Aspirar 150 microlitros de cada pocillo. Trate los esferoides cardíacos descongelados con 100 microlitros de medio de colorante de calcio Cal-520 AM por pocillo en condiciones de oscuridad, e incube la placa durante 60 minutos. Prepare un sistema de adquisición y análisis de calcio alimentando el microscopio y asegurándose de que la opción de control ambiental esté activada.
Ajuste las dimensiones de apertura de la cámara y el encuadre para minimizar el área de fondo. Para medir la señal de calcio, utilizando un láser de 488 nanómetros, establezca el contraste en un fondo negro con una señal verde brillante durante la liberación de calcio. Grabe un video con una transmisión constante de 2 a 10 picos en 10 segundos.
Grabe un video de 10 segundos y escanee a través de la placa de 96 pocillos, inicialmente moviéndose hacia la izquierda, luego hacia abajo en forma de zigzag para cubrir toda la placa. Después de adquirir los transitorios de calcio, analice los datos utilizando un software de análisis de trazas de fluorescencia. Los esferoides cardíacos adquirieron una estructura 3D durante el primer día después de la siembra, que podría cultivarse hasta por seis semanas.
La mayoría de los esferoides cardíacos de tres semanas de edad expresaron una organización regular del sarcómero con alfa actinina y troponina T.Los altos niveles de alfa actinina en el día cero y los esferoides cardíacos de tres semanas indicaron una composición celular constante y altamente pura durante el cultivo. Se observó un aumento de la expresión de los genes cardíacos, desmosomas y mitocondrias en esferoides que en hiPSC-CM cultivados en 2D durante 90 días. El porcentaje de latidos de los esferoides cardíacos fue similar en las primeras tres semanas posteriores a la generación y disminuyó significativamente en la sexta semana debido al deterioro de los esferoides cardíacos.

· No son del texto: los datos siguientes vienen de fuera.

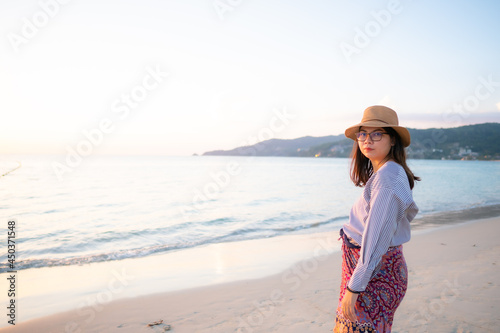 woman on the beach and sunset in the sea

La tasa de golpes se redujo significativamente en la semana tres en comparación y disminuyó en la semana seis como resultado del deterioro. Los parámetros transitorios de calcio indicaron un valor máximo más alto en la semana dos, mientras que el tiempo de aumento, el tiempo de descomposición y la duración transitoria del calcio al 90% de la descomposición aumentaron significativamente en la semana tres, lo que demuestra que los esferoides derivados de hiPSC-CM fueron funcionalmente óptimos en las semanas dos y tres después de la generación. El tamaño del esferoide aumentó con el número de células utilizadas para la siembra.
En esferoides viejos de mayor tamaño, el latido fue significativamente mayor. Una tasa de latido similar y significativamente más alta fue mostrada por esferoides de 5k, 10k y 20k en comparación con los esferoides de 2.5k. La criopreservación no afectó la viabilidad celular dentro de los esferoides cardíacos.

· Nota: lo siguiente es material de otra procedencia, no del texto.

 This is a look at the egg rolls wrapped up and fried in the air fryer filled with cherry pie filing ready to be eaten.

Una expresión similar de proteínas sarcoméricas en los esferoides descongelados y frescos de la misma edad indicó eficiencia de criopreservación. No hubo cambios significativos en la tasa de latidos de los esferoides cardíacos descongelados o frescos. No se observaron cambios significativos en el tiempo de subida, el tiempo de decaimiento y el CTD90 de CS descongelado o fresco. Además del modelado de enfermedades y las pruebas de detección de fármacos de alto rendimiento, estos esferoides también se pueden usar para biorreactores de producción de vesículas extracelulares y terapias relacionadas con vesículas extracelulares.

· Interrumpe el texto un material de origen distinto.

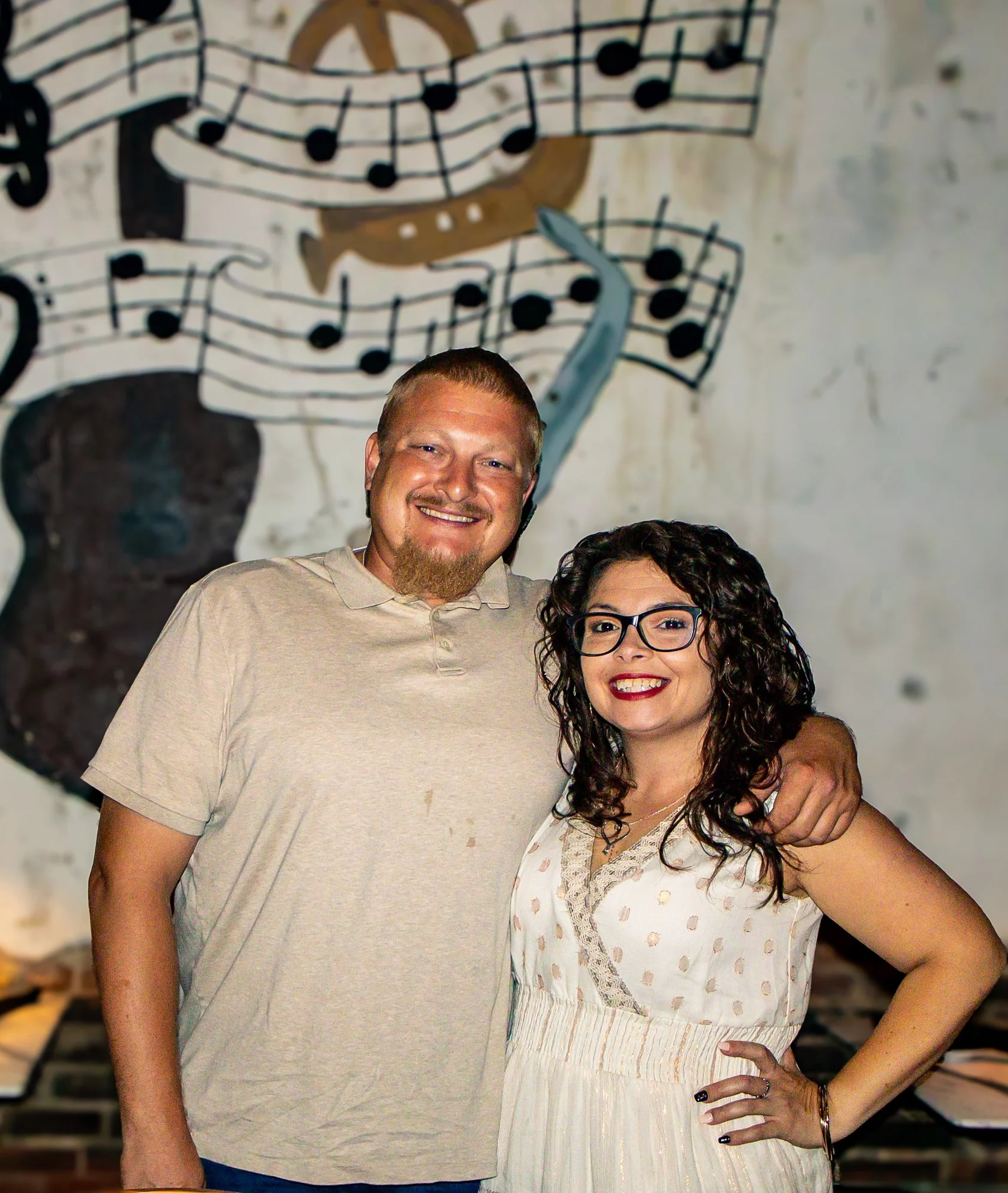 Couple posing in a cozy restaurant with musical decor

Además, el biobanco de estos esferoides se puede utilizar como un nuevo suministro de cardiomiocitos para estrategias regenerativas. La evidencia acumulada sugiere que los biobancos de modelos de células madre derivadas de pacientes para fibrosis quística, cáncer y esferoides cardíacos tienen un gran potencial para desentrañar los mecanismos moleculares para la detección de medicamentos y para la medicina personalizada.